(Stored data)
:::

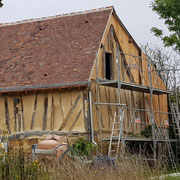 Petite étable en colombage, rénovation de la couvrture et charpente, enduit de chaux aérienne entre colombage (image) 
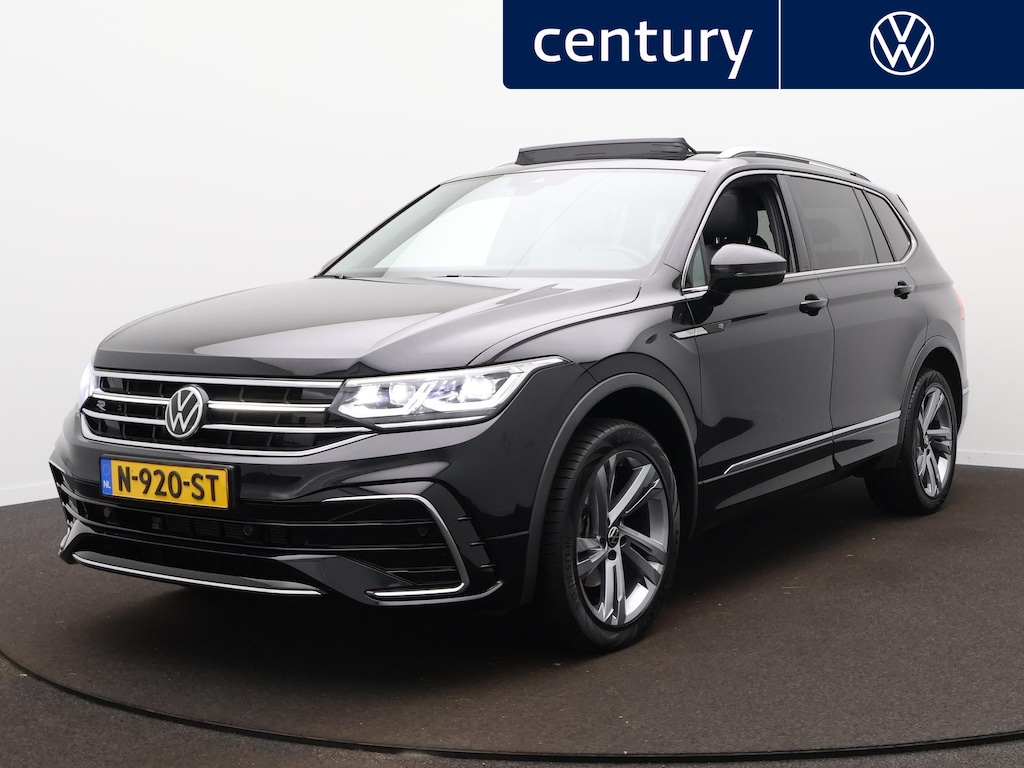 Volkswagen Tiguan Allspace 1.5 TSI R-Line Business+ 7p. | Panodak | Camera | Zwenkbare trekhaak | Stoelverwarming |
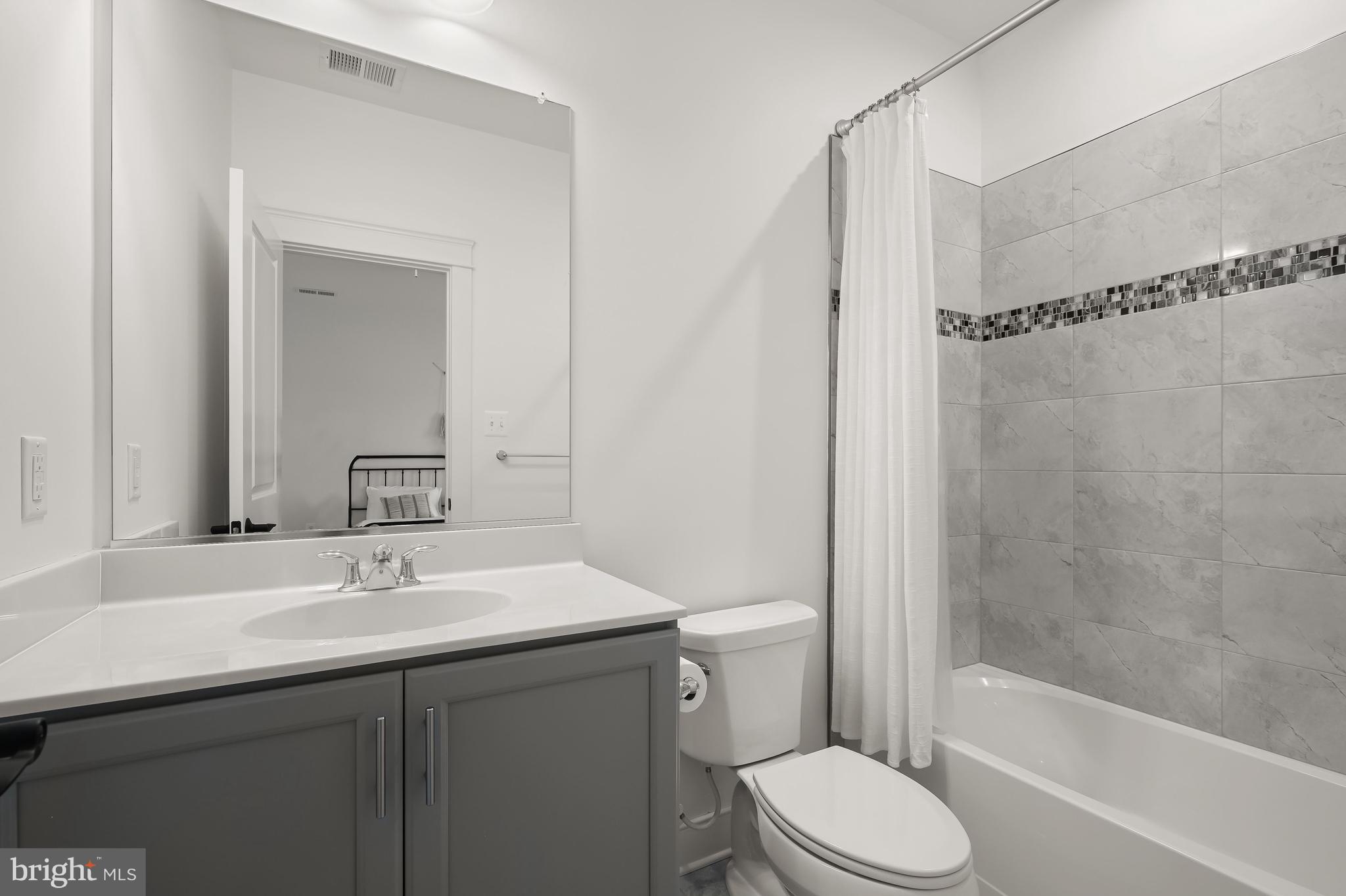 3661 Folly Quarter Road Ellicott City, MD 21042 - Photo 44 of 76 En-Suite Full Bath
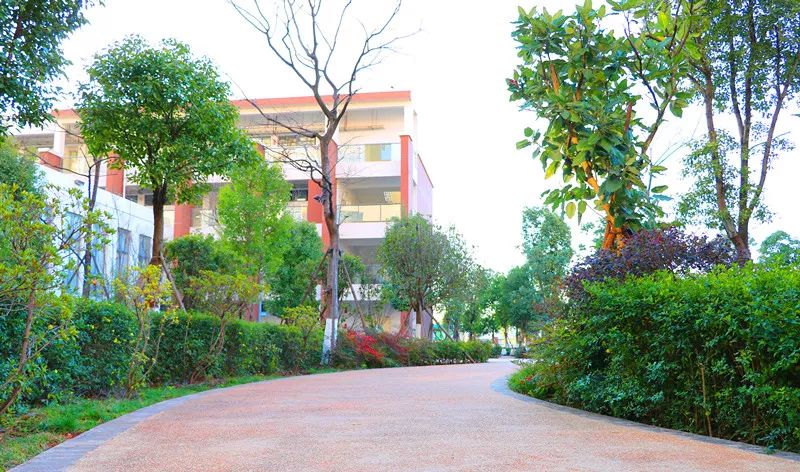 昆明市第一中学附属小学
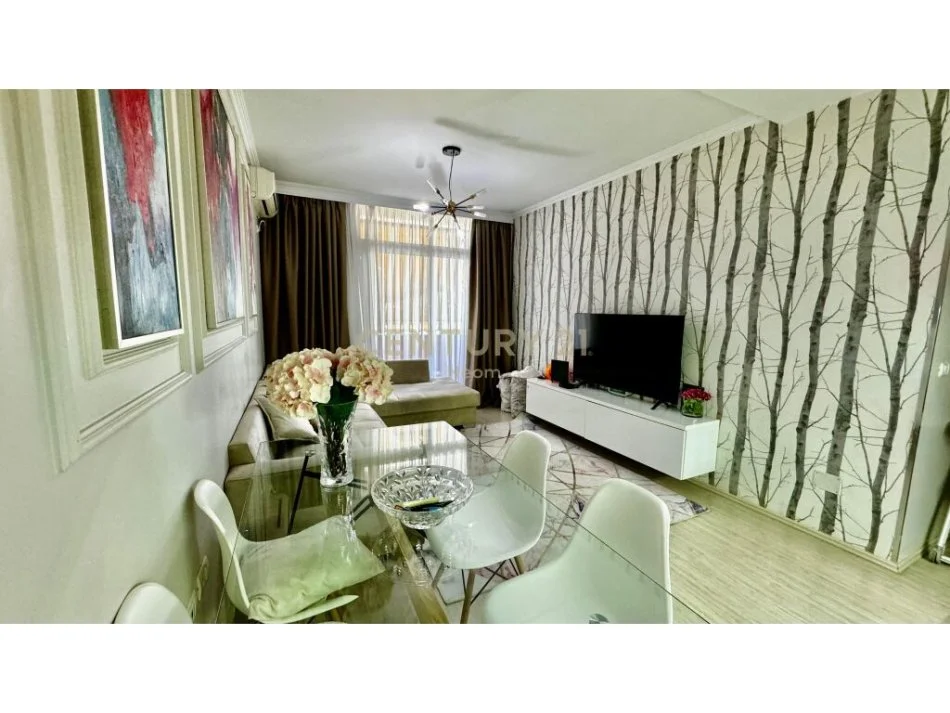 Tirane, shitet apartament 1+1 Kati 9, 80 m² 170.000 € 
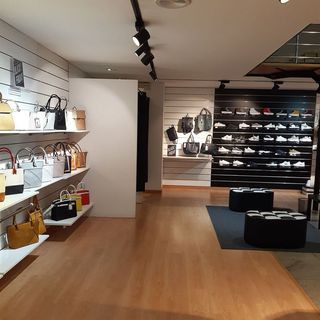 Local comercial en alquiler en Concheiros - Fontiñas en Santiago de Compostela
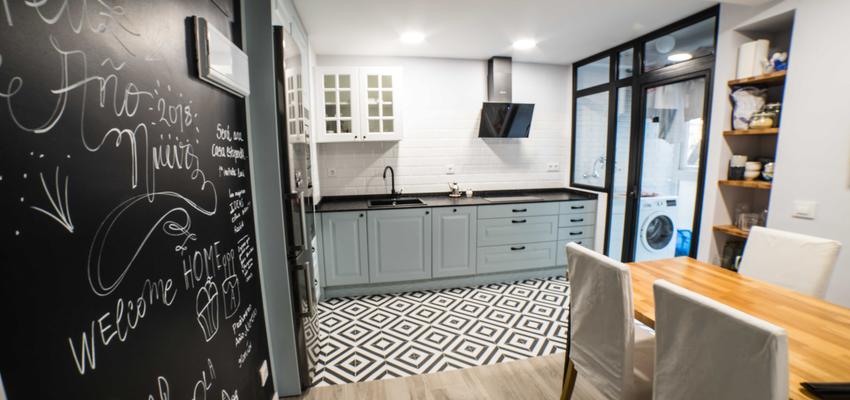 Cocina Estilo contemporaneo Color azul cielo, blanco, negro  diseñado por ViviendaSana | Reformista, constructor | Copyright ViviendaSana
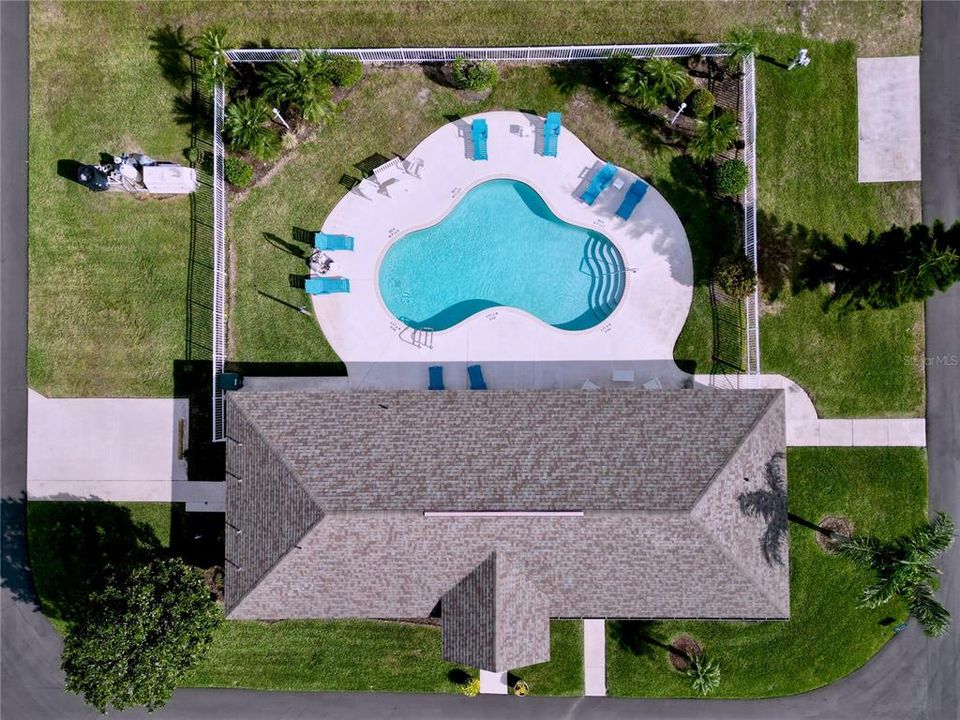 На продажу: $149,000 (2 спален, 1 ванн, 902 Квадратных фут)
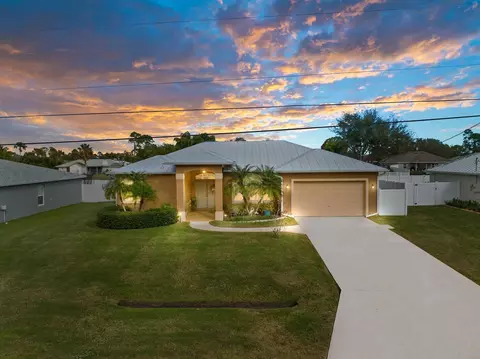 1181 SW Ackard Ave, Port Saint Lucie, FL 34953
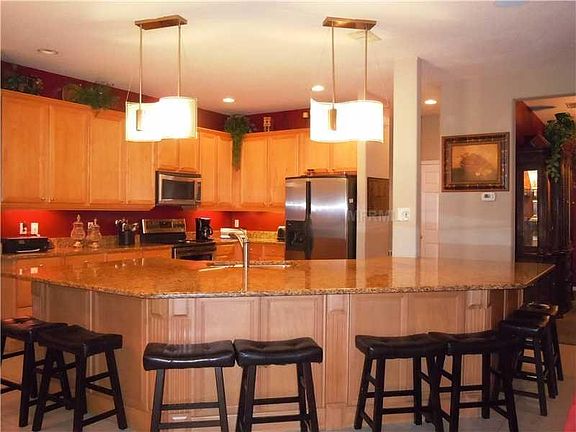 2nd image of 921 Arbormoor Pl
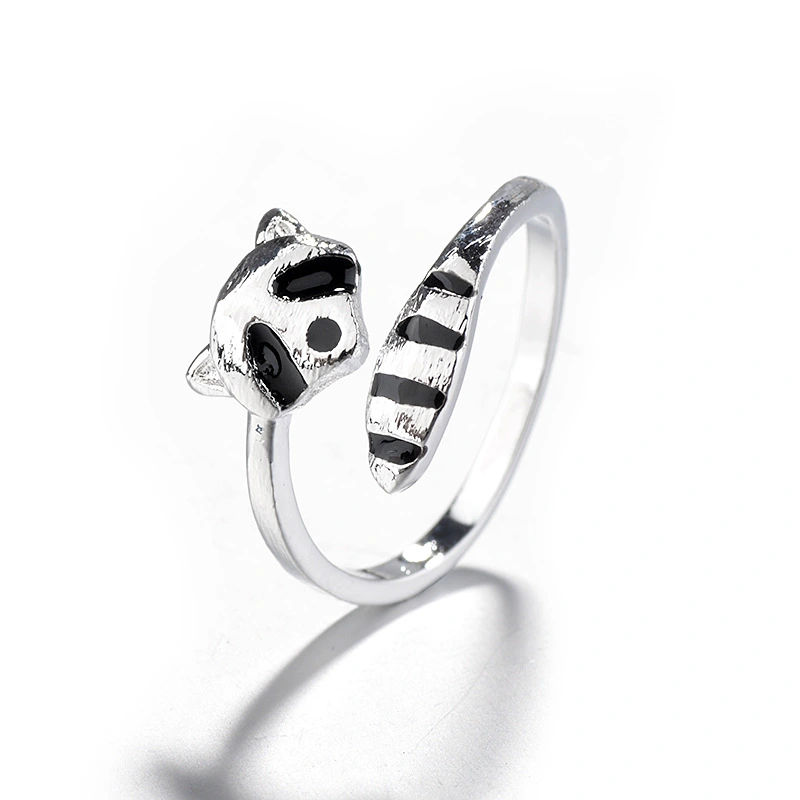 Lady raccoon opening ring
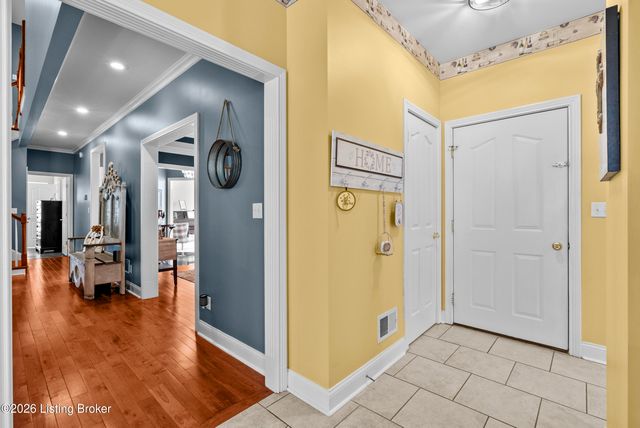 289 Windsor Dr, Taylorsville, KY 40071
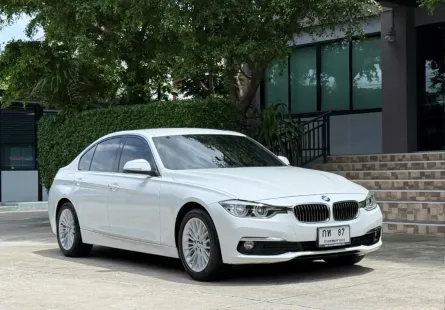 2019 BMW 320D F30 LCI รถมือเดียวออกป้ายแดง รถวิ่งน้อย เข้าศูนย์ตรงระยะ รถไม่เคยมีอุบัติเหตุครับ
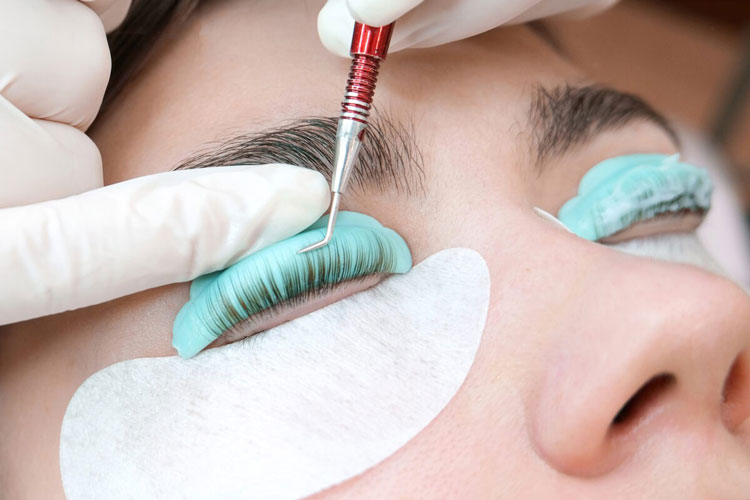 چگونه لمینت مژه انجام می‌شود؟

:::

Drop the pictures; return the lines above from the line containing "Volkswagen Tiguan Allspace" to the line containing "Local comercial en", both included, exactly.

 Volkswagen Tiguan Allspace 1.5 TSI R-Line Business+ 7p. | Panodak | Camera | Zwenkbare trekhaak | Stoelverwarming |
 3661 Folly Quarter Road Ellicott City, MD 21042 - Photo 44 of 76 En-Suite Full Bath
 昆明市第一中学附属小学
 Tirane, shitet apartament 1+1 Kati 9, 80 m² 170.000 € 
 Local comercial en alquiler en Concheiros - Fontiñas en Santiago de Compostela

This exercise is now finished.